### Data supplied
───

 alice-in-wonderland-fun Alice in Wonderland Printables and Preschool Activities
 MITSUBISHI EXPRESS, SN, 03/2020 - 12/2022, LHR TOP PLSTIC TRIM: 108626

───

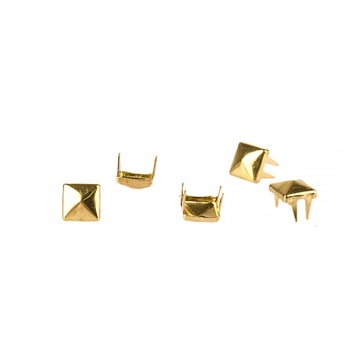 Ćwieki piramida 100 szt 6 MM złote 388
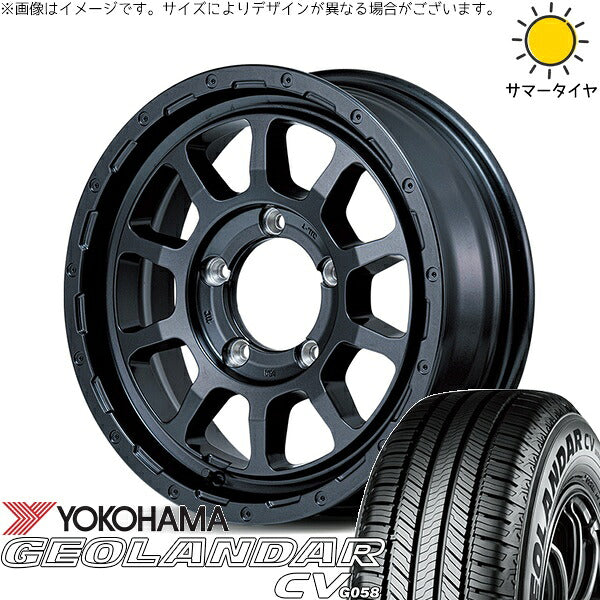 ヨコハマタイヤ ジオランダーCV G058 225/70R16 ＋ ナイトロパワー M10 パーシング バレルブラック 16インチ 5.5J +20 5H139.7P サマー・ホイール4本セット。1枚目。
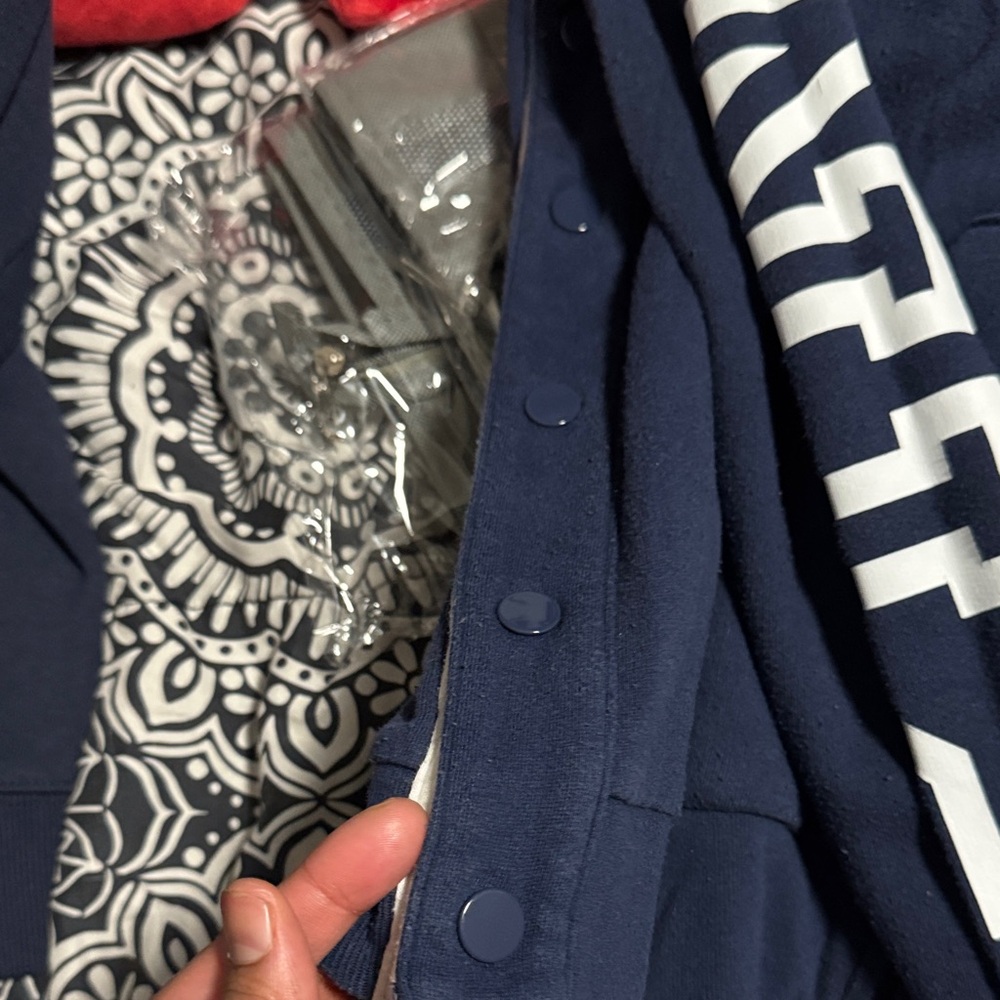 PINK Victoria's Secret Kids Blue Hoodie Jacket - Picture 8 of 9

───

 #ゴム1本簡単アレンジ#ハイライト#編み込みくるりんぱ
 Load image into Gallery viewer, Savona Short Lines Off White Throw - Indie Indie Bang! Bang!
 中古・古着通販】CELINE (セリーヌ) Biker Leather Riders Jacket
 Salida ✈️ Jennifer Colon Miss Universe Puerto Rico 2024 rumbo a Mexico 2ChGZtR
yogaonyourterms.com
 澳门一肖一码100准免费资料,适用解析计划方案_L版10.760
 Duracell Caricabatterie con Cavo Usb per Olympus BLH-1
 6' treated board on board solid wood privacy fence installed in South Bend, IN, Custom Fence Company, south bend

───

### Task brief
Above are the records. Print exactly, and only, the lines from the line with "中古・古着通販】CELINE (セリーヌ) Biker" to the line with "6' treated board", both inclusive.

### Expected answer
 中古・古着通販】CELINE (セリーヌ) Biker Leather Riders Jacket
 Salida ✈️ Jennifer Colon Miss Universe Puerto Rico 2024 rumbo a Mexico 2ChGZtR
yogaonyourterms.com
 澳门一肖一码100准免费资料,适用解析计划方案_L版10.760
 Duracell Caricabatterie con Cavo Usb per Olympus BLH-1
 6' treated board on board solid wood privacy fence installed in South Bend, IN, Custom Fence Company, south bend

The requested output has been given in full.